━━━ Provided data ━━━

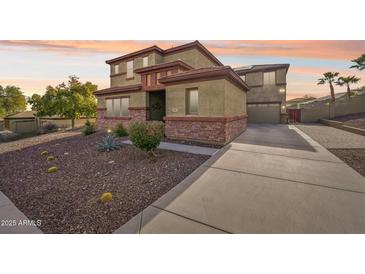 Two-story home featuring desert landscaping, red stone accents, and a long driveway at 12017 W Monte Lindo Ln, Sun City, AZ 85373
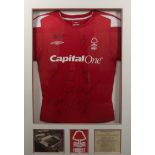 Nottingham Forest Football club signed football shirt, framed 66cm by 95cm,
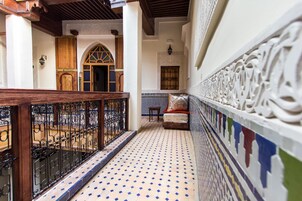Um corredor com piso de azulejos, corrimão de madeira e papel de parede estampado.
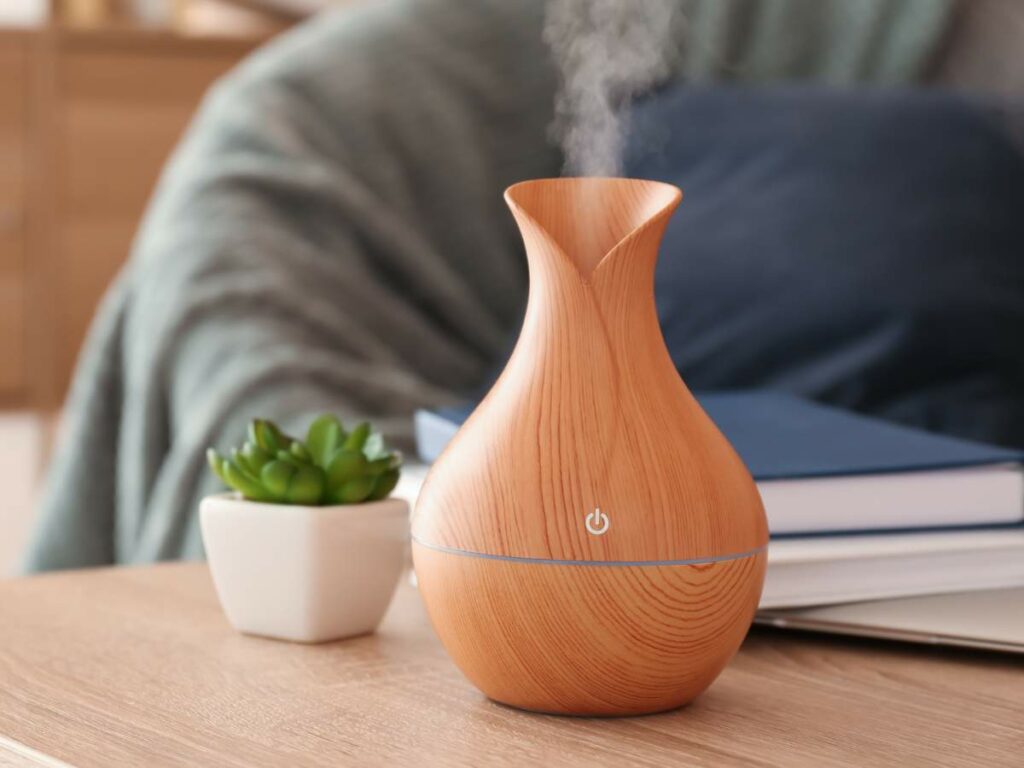 A wooden essential oil diffuser releasing vapor on a table next to a small green plant and books, with a blurred background.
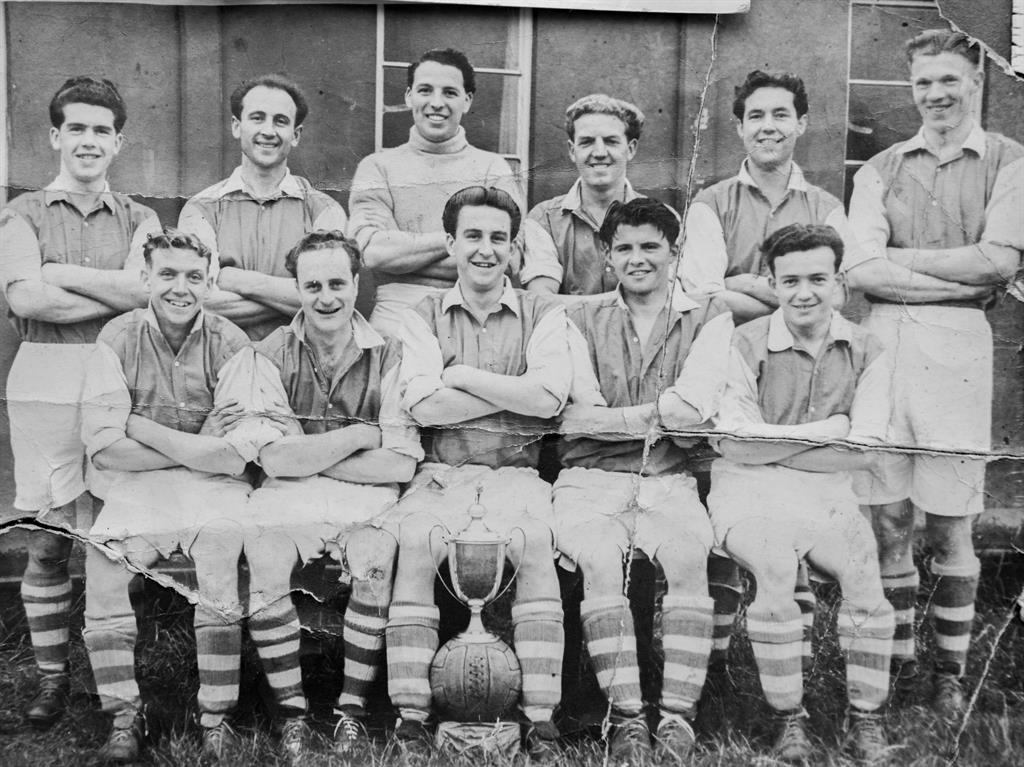 Keen sportsman: Glyn (front row, second from left) played as a striker for his local football team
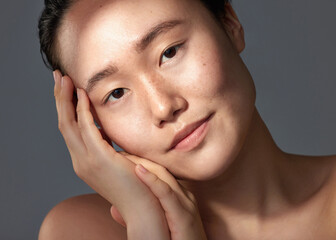 Her skin looks soft, supple and radiant. Studio shot of a beautiful young woman posing against a grey background.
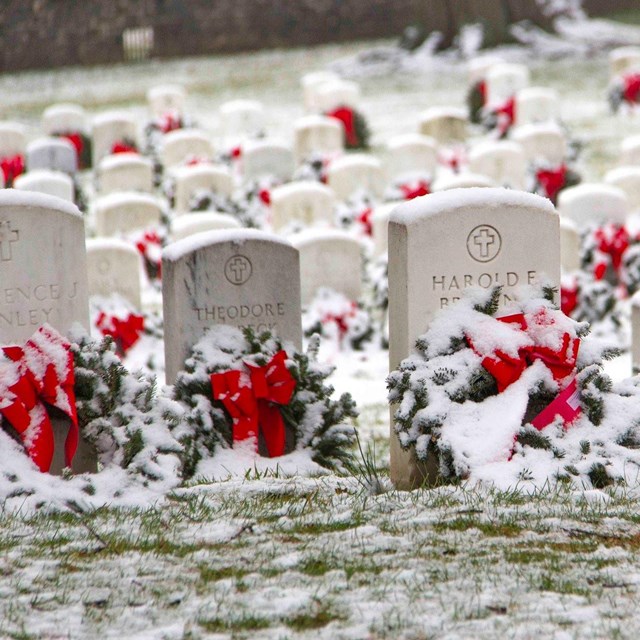 A color image of wreaths and red bows on white headstones covered in snow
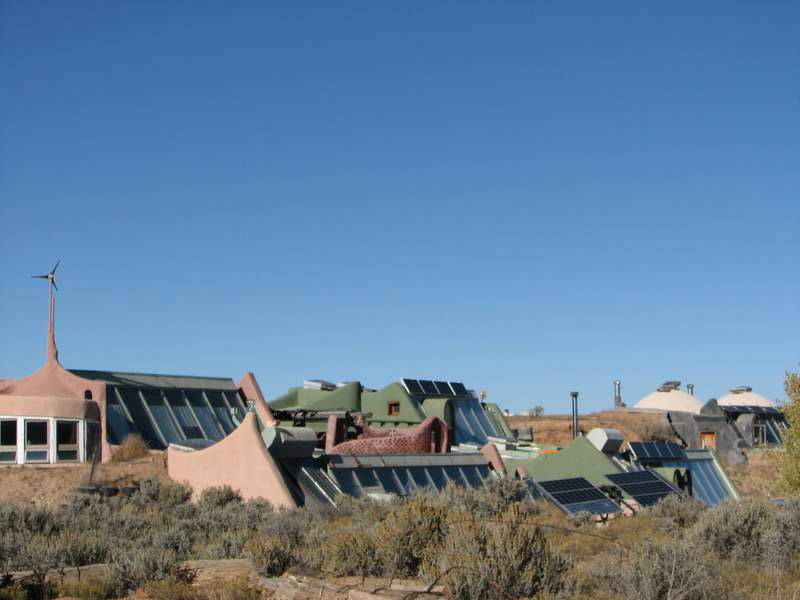 Earthship Home by Earthship Biotecture using compressed earth construction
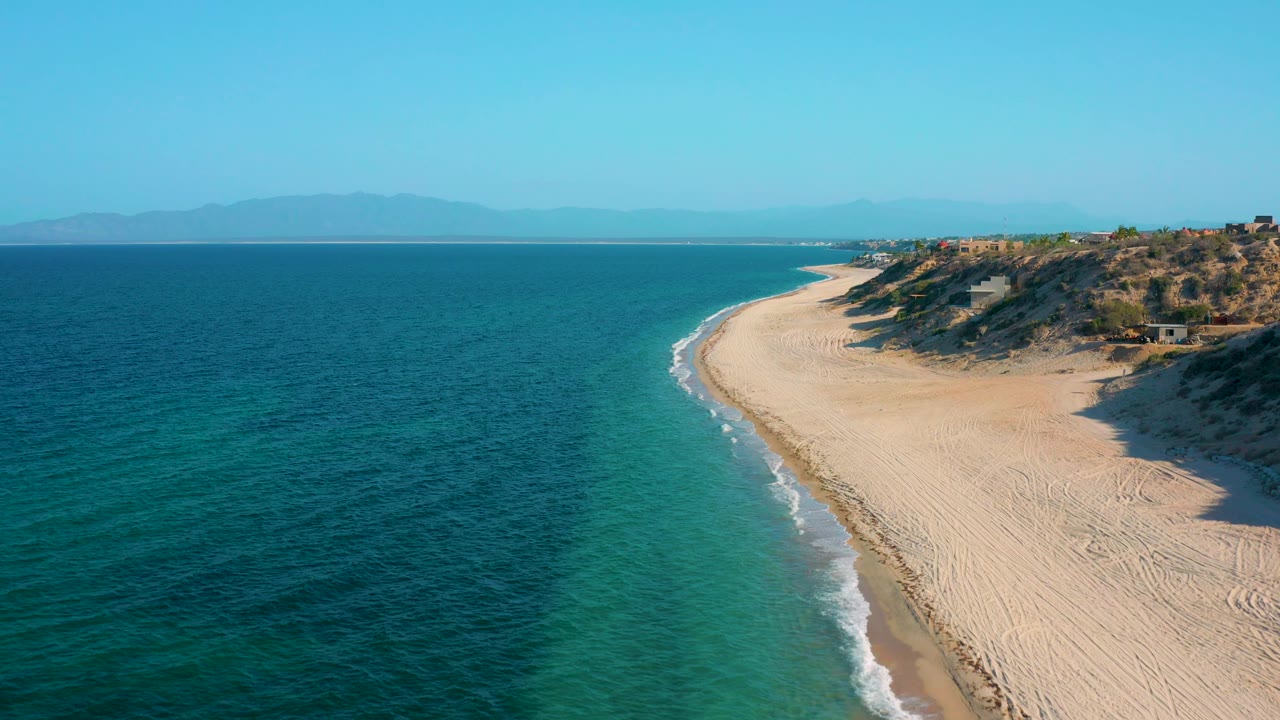 High aerial view over El Sargento La Ventana, Mexico, with deep blue water across the left, a narrow foamy surf edge, dunes and sparse vegetation to the right, and no visible people.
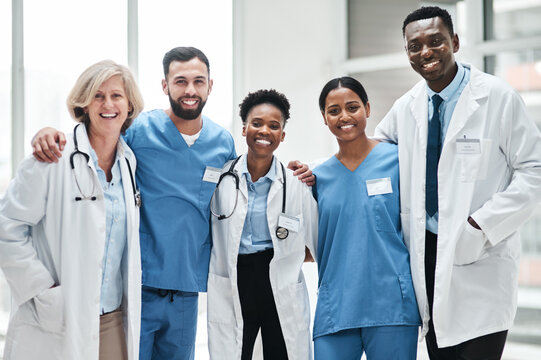 Happy people, confident or portrait of doctors with smile in hospital services or about us. Healthcare, proud medical professional or group of nurses with support and teamwork at wellness clinic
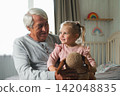 Grandfather and little baby girl grandchild playing colorful toys blocks. Caring granddad having fun with kids together at home. Old man, his granddaughter indoor. Seniors life. Happy Joy Family Video 142048835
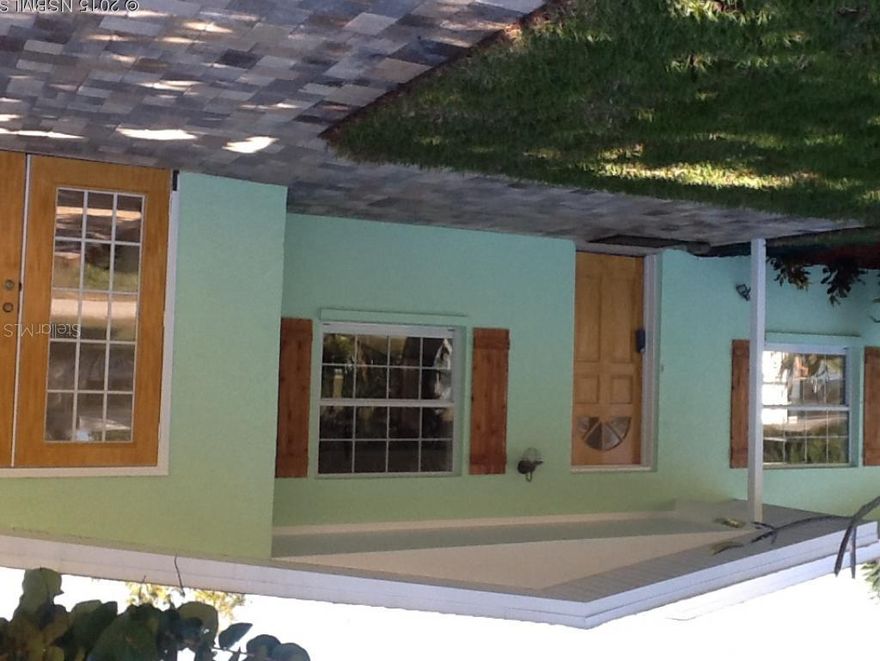 Beautifully updated 3/2 North Beach home. Beautiful open kitchen with all new wood cabinets, granite counter tops, stainless appliances, under cabinet lighting.  Absolutely beautiful terrazzo floors throughout.  New outside A/C, sunroom or office off of the living room, large laundry room, new pavers in the driveway, large lot.  Located on a quiet street walk to the beach or river. ;Water: City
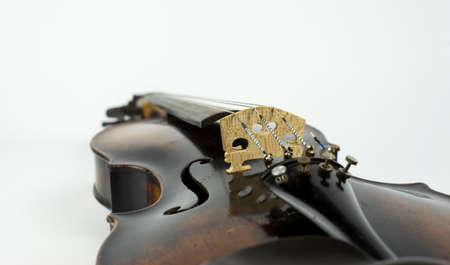 Perspective of old italian violin and focus on sound bridge on white background.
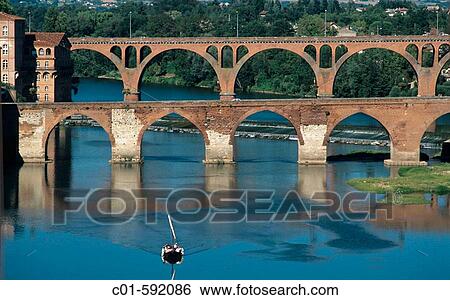 Barge with tourists on Tarn river and Pont Vieux bridge (11th century), Albi. Tarn, France View Large Photo Image Stock Photograph - Barge with tourists on Tarn river and Pont Vieux bridge (11th century), Albi. Tarn, France. Fotosearch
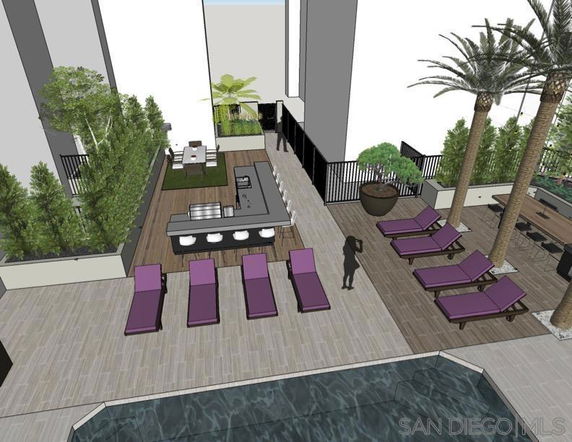 Outdoor area with a pool, lounge chairs, and a shaded seating area.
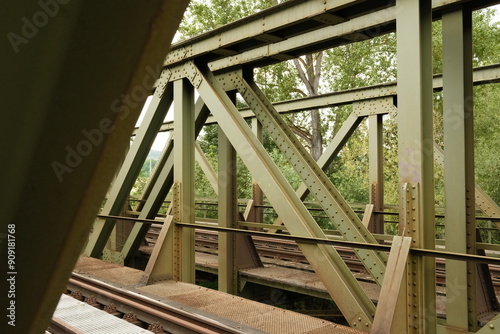 An old railroad bridge with a steel structure and trees in the background.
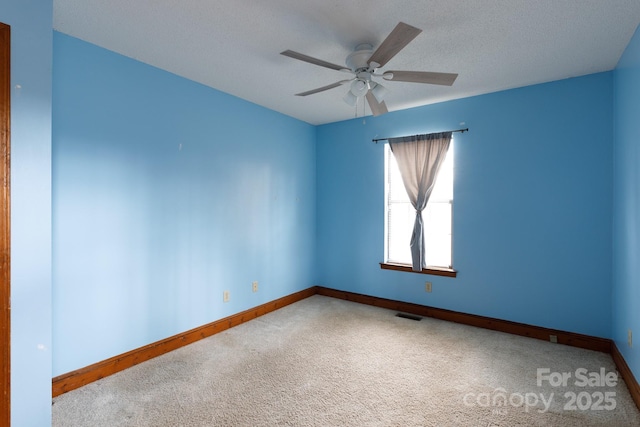 empty room with ceiling fan, carpet floors, visible vents, and baseboards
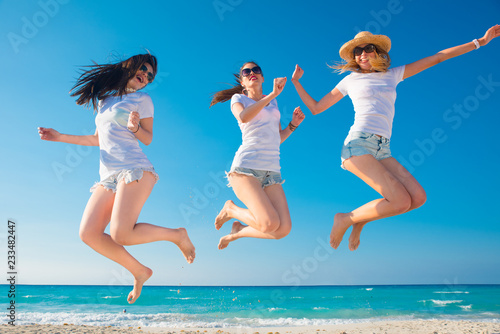 Tres mujeres muy sexys con camiseta blanca saltando y disfrutando un día de verano.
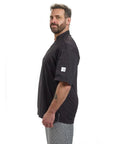 Side view of Badass Short Sleeve Chef Jacket In Sharp Black Features Double Breasted Front And Full Mesh Back For Sweet Kitchen Airflow Built From Tough Poly Cotton Twill That Fights Wrinkles And Holds Up Daily In Comfortable 2XL.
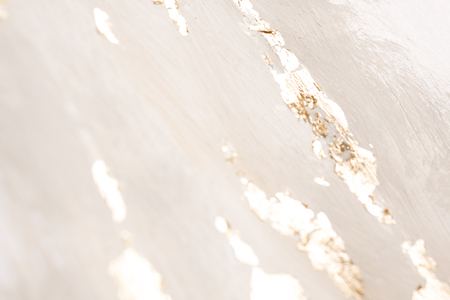 Christmas elegant background. Blurred abstract art gold foil backdrop. Luxury glamorous shiny festive soft wallpaper. Stylish, trendy and posh abstraction. Chic feminine neutral nude beige background.の写真素材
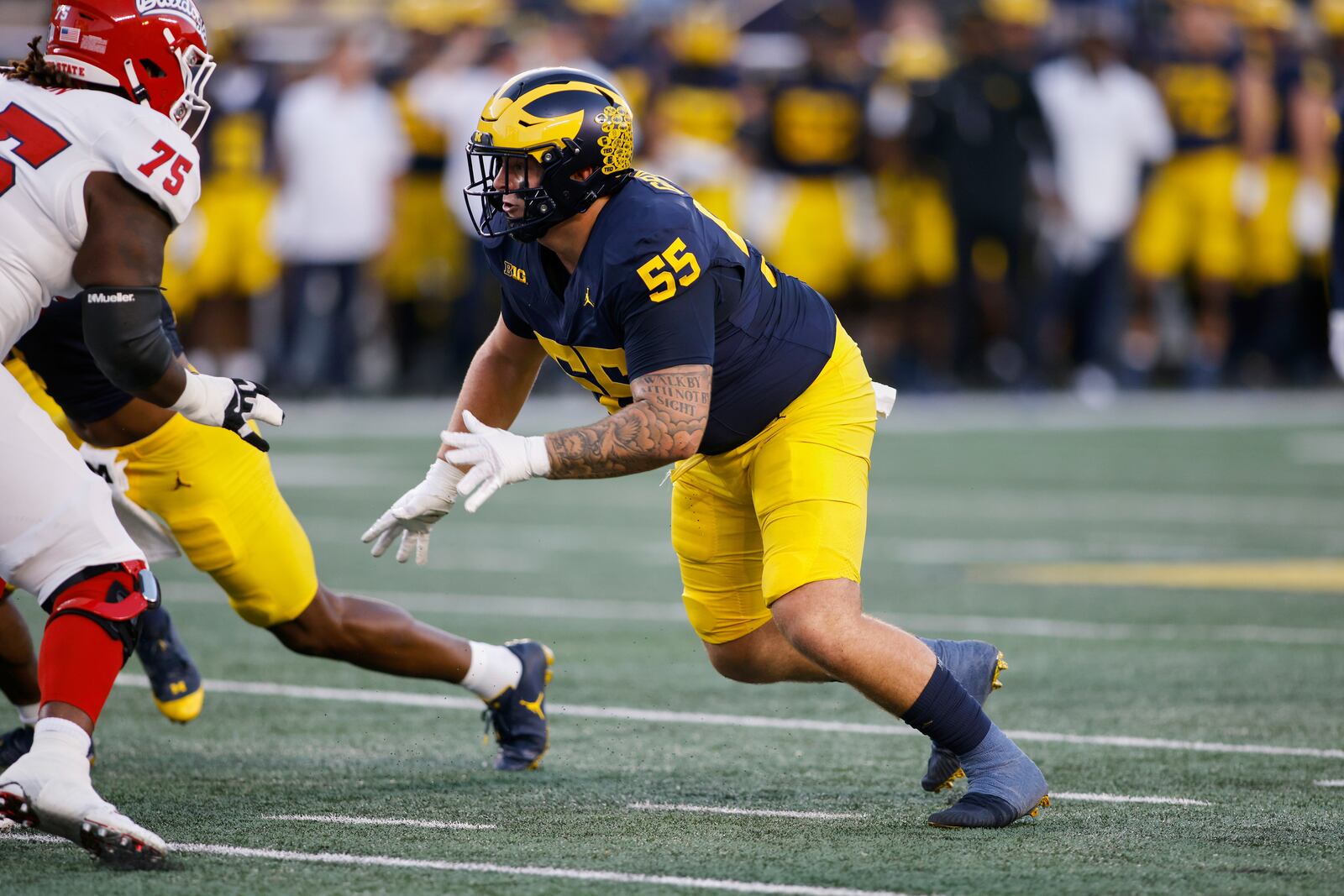 FILE - Michigan defensive lineman Mason Graham (55) rushes during an NCAA football game on Saturday, Aug. 31, 2024, in Ann Arbor, Mich. (AP Photo/Al Goldis, File)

━━━

The answer is the records above, repeated exactly, with no picture in it.

 Two-story home featuring desert landscaping, red stone accents, and a long driveway at 12017 W Monte Lindo Ln, Sun City, AZ 85373
 Nottingham Forest Football club signed football shirt, framed 66cm by 95cm,
Um corredor com piso de azulejos, corrimão de madeira e papel de parede estampado.
 A wooden essential oil diffuser releasing vapor on a table next to a small green plant and books, with a blurred background.
 Keen sportsman: Glyn (front row, second from left) played as a striker for his local football team
 Her skin looks soft, supple and radiant. Studio shot of a beautiful young woman posing against a grey background.
 A color image of wreaths and red bows on white headstones covered in snow
 Earthship Home by Earthship Biotecture using compressed earth construction
 High aerial view over El Sargento La Ventana, Mexico, with deep blue water across the left, a narrow foamy surf edge, dunes and sparse vegetation to the right, and no visible people.
 Happy people, confident or portrait of doctors with smile in hospital services or about us. Healthcare, proud medical professional or group of nurses with support and teamwork at wellness clinic
 Grandfather and little baby girl grandchild playing colorful toys blocks. Caring granddad having fun with kids together at home. Old man, his granddaughter indoor. Seniors life. Happy Joy Family Video 142048835
 Beautifully updated 3/2 North Beach home. Beautiful open kitchen with all new wood cabinets, granite counter tops, stainless appliances, under cabinet lighting.  Absolutely beautiful terrazzo floors throughout.  New outside A/C, sunroom or office off of the living room, large laundry room, new pavers in the driveway, large lot.  Located on a quiet street walk to the beach or river. ;Water: City
 Perspective of old italian violin and focus on sound bridge on white background.
 Barge with tourists on Tarn river and Pont Vieux bridge (11th century), Albi. Tarn, France View Large Photo Image Stock Photograph - Barge with tourists on Tarn river and Pont Vieux bridge (11th century), Albi. Tarn, France. Fotosearch
 Outdoor area with a pool, lounge chairs, and a shaded seating area.
 An old railroad bridge with a steel structure and trees in the background.
 empty room with ceiling fan, carpet floors, visible vents, and baseboards
 Tres mujeres muy sexys con camiseta blanca saltando y disfrutando un día de verano.
 Side view of Badass Short Sleeve Chef Jacket In Sharp Black Features Double Breasted Front And Full Mesh Back For Sweet Kitchen Airflow Built From Tough Poly Cotton Twill That Fights Wrinkles And Holds Up Daily In Comfortable 2XL.
 Christmas elegant background. Blurred abstract art gold foil backdrop. Luxury glamorous shiny festive soft wallpaper. Stylish, trendy and posh abstraction. Chic feminine neutral nude beige background.の写真素材
 FILE - Michigan defensive lineman Mason Graham (55) rushes during an NCAA football game on Saturday, Aug. 31, 2024, in Ann Arbor, Mich. (AP Photo/Al Goldis, File)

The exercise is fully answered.